By 1960, from 65 million to 70 million Americans would watch the debates. The U.S. population in 1960 was 180 million.
Research suggested that appearances mattered.
Nixon showed up wearing little makeup and a light grey suit, which blended into the background. He was constantly wiping sweat off his face and according to the audience looked exhausted and pale. Not only was Nixon’s physical appearance an issue, but Nixon kept looking at a clock, which television viewers could not see making him appear shifty-eyed. Unknown to the general public at the time, Nixon’s extensive campaigning left him physically exhausted, disheveled and made him lose about 15 pounds. After the devastating effects from the first debate, Nixon slowed down his campaigning and regained his healthy appearance.
Frank Stanton, the president of CBS, observed: “Kennedy was bronzed beautifully … Nixon looked like death.”
The debate was also broadcast over radio networks.

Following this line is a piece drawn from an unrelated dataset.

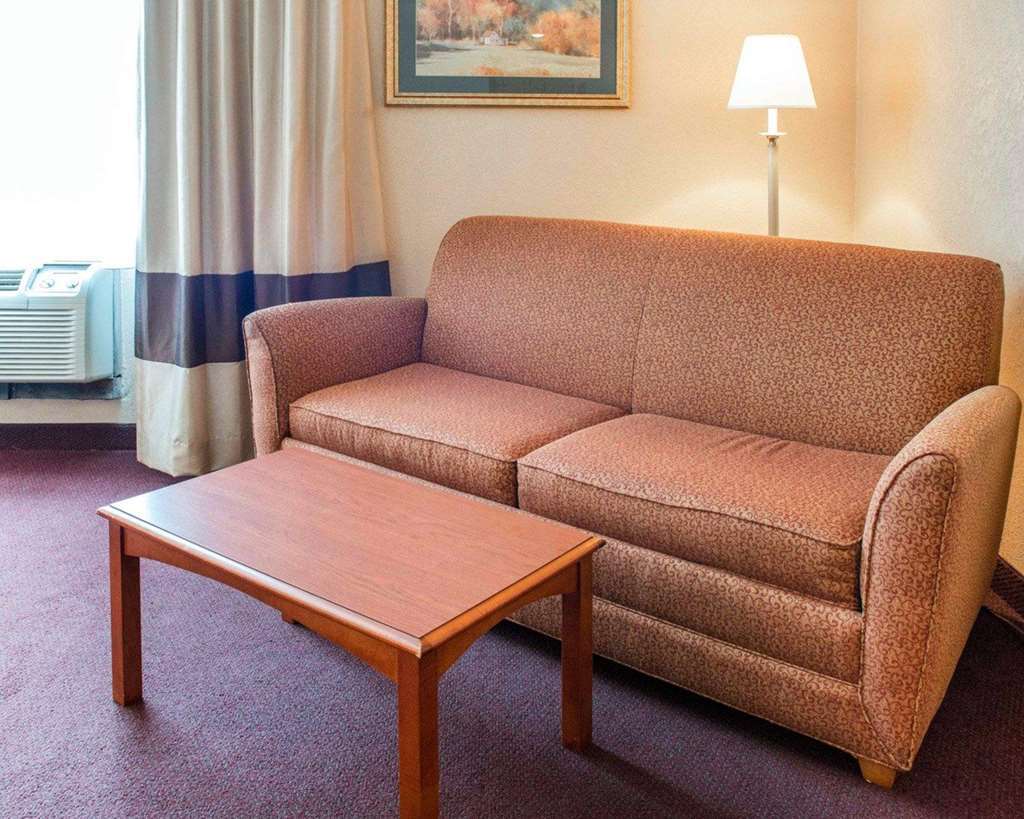 Quality Inn & Suites New Castle Quarto foto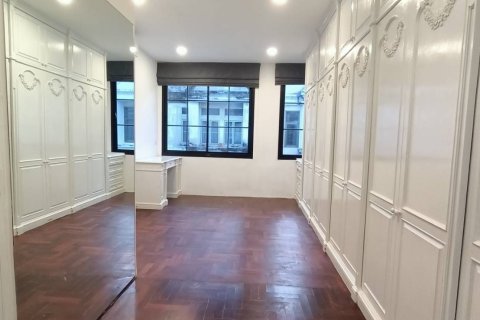 Таунхаус в Ваттхане, Бангкок, Таиланд с 4 спальнями  № 160868 - фото 14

According to one oft-cited survey, people who listened to the debate on the radio tended to call it a draw, while those who saw it on television pronounced Kennedy the clear winner.
Subsequent analysis has questioned the validity of that survey. Howard K. Smith, the debate moderator, “initially gave the slight edge to Nixon, but changed his mind after watching a replay. ‘I could see that Kennedy swept it,’ he said in an interview for the Archive of American Television. ‘He just looked so enchanting.’”
Moreover, radio homes were more likely to be rural and “tended to be Protestant.” That religious orientation could have led to bias against Kennedy, who would become the first Catholic to be elected President.